Note: The AMI hash is returned to standard output as the last line of the packer build command. It is also available from the EC2 console: Services -> EC2 -> AMIs

Compute AMI


$ cd ~/PEARC20/Exercise-1/packer-templates/compute
$ packer build compute.yml

Bulding the cluster with Cloud Formation


$ cd ~/PEARC20/Exercise-1/cfn-templates

Now, we are going to deploy the cloud formation template that will setup our cluster. But first, we need to update the template to include the AMIs we just built. The text editors vim, emacs, and nano are all available.

Edit the slurm-static-ohpc.yml file in ~/PEARC20/Exercise-1/cfn-templates/slurm-static-ohpc.yml and replace OHPC_CONTROLLER_AMI and both entries of OHPC_COMPUTE_AMI with the AMI IDs you just generated with packer.

AMI IDs are also available via the EC2 dasboard: Console > Services > EC2 > Images/AMIs

Once you populate the AMI entries in the CloudFormation template, you are ready to deploy:


$ aws cloudformation deploy --template-file slurm-static-ohpc.yml --capabilities CAPABILITY_IAM --stack-name ex1-00 --region us-east-1

You can monitor the status of the deployment with the CloudFormation dashboard.

Console > Services > CloudFormation > Click the Stack name > Events

Note: If you need to rerun the aws cloudformation deploy command, you’ll need to either delete your stack or increment the index (i.e. –stack-name ex1-01) in order to rerun the command

If everything worked correctly, you’ll now be able to SSH into your login node using your “pearc20” key pair and the “centos” user account. You can identify the controller and login instances (and their DNS names or IP addresses) by accessing the EC2 page of your AWS console.

After the CloudFormation deployment command returns successfully, allow a few minutes for the NFS mount and Slurm configuration to complete before connecting via SSH.

Console > Services > EC2 > Running Instances > Right click Name=SlurmManagement > Connect > Save the hostname to your clipboard (example: ec2-xx-xx-xx-xxx.compute-1.amazonaws.com)

Next, we either need to upload our pearc20.pem private key to the cloud9 instance or use an SSH client / terminal locally. To upload your key, File > Upload Local File > Select files > Navigate to the Download location of your key (OS / browser specific) and select it > Open. Cloud9 uploads files into ~/environment by default.

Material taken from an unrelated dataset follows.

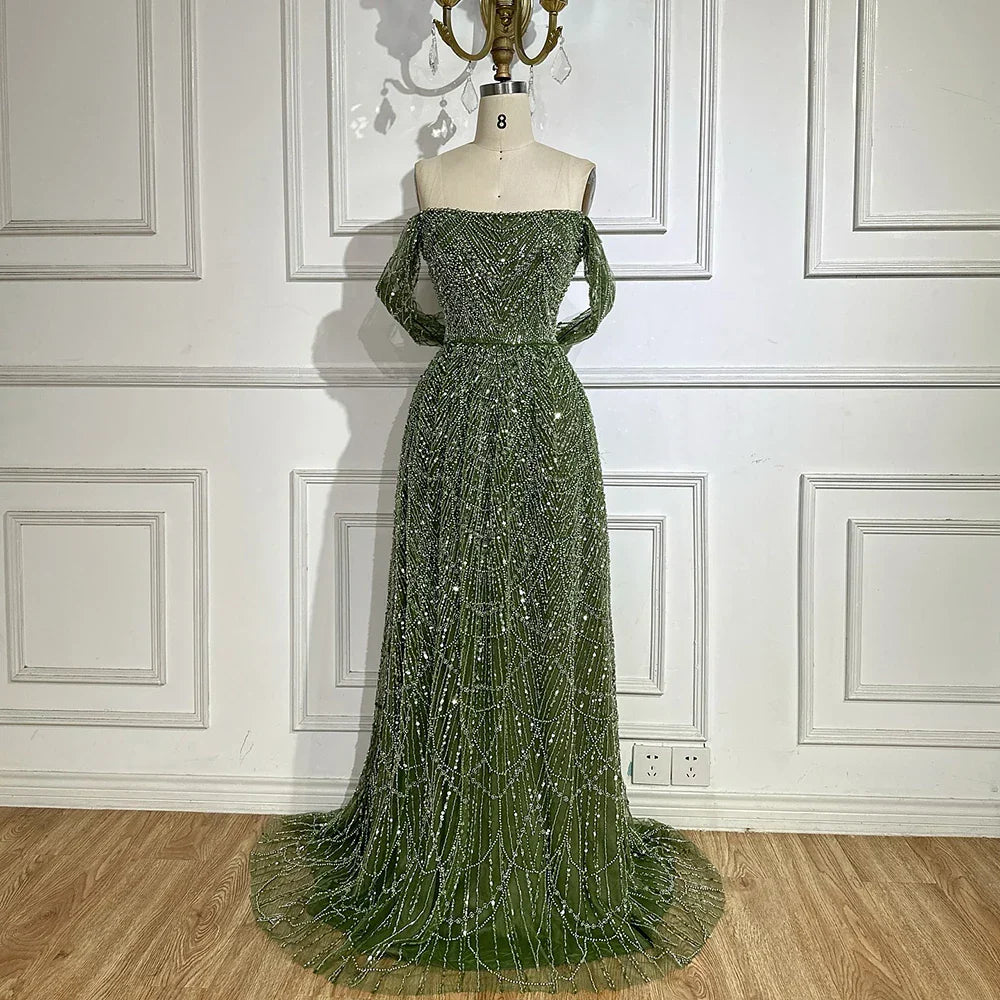 Vestido de noche corte A, color nude, con hombros descubiertos y diseño con perlas para ocasiones formales (LA72738A)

Whether using the key locally or on your cloud9 instance, you’ll need to set the permissions to 400.


$ chmod 400 /path/to/pearc20.pem
$ ssh -i /path/to/pearc20.pem centos@ec2-xx-xx-xx-xxx.compute-1.amazonaws.com


And finally, we can test our cluster:


$ cp /opt/ohpc/pub/examples/mpi/hello.c .
$ mpicc hello.c
$ srun -N 2 -n 16 --pty prun ./a.out 

If everything is working correctly, you should see something similar to the following:


[centos@ip-192-168-0-100 ~]$ srun -N 2 -n 16 --pty prun ./a.out 
[prun] Master compute host = ip-192-168-1-101
[prun] Resource manager = slurm
[prun] Launch cmd = mpirun ./a.out (family=openmpi4)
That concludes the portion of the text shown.